**TASK INSTRUCTIONS:**
From the first line to the last, transcribe the data exactly and skip the pictures.

○ ○ ○ ○ ○ ○ ○

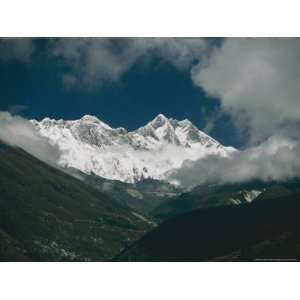  Mount Everest (Behind Left), Mount Lhotse (Front Right 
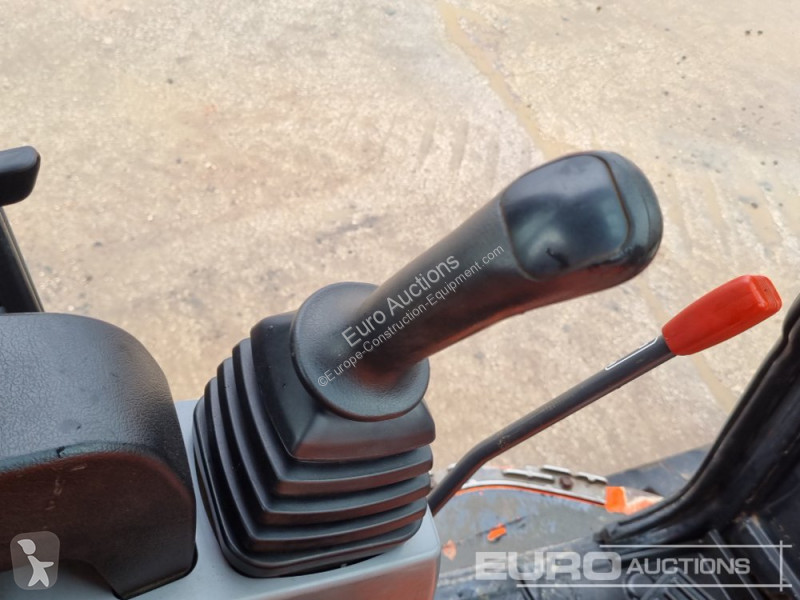 Lopatový nakládač Kubota U48-4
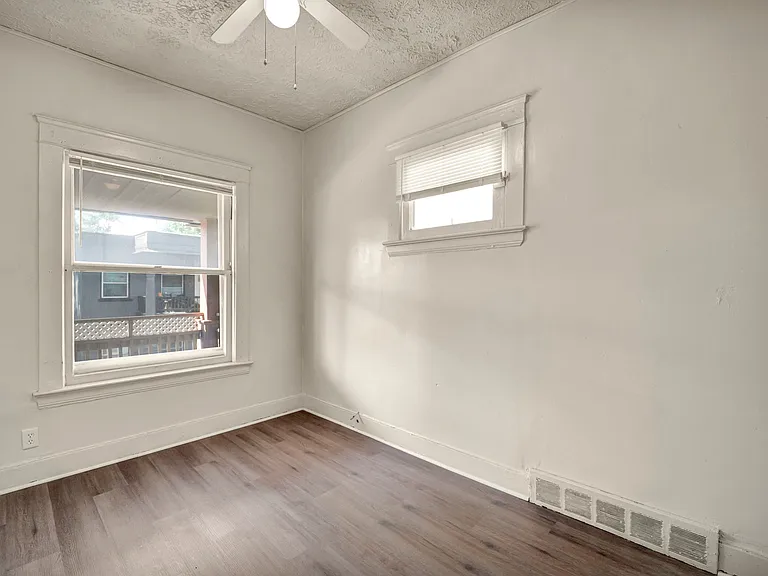 10515 Greenlawn Ave #1 — Photo 13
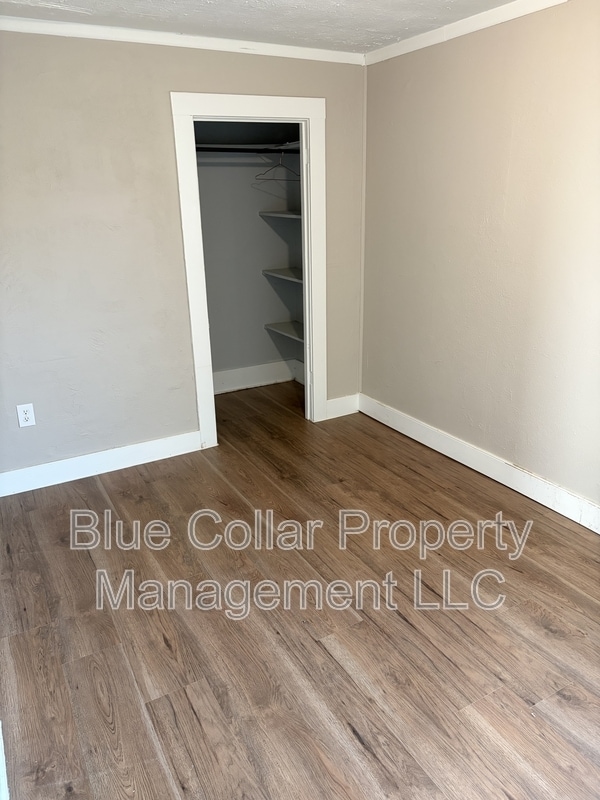 Photo - 421 Oak St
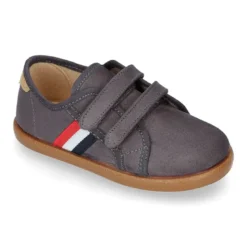 Tenis en Serratex con bandera lateral sin cordones.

○ ○ ○ ○ ○ ○ ○

**THE ANSWER:**
  Mount Everest (Behind Left), Mount Lhotse (Front Right 
 Lopatový nakládač Kubota U48-4
 10515 Greenlawn Ave #1 — Photo 13
 Photo - 421 Oak St
 Tenis en Serratex con bandera lateral sin cordones.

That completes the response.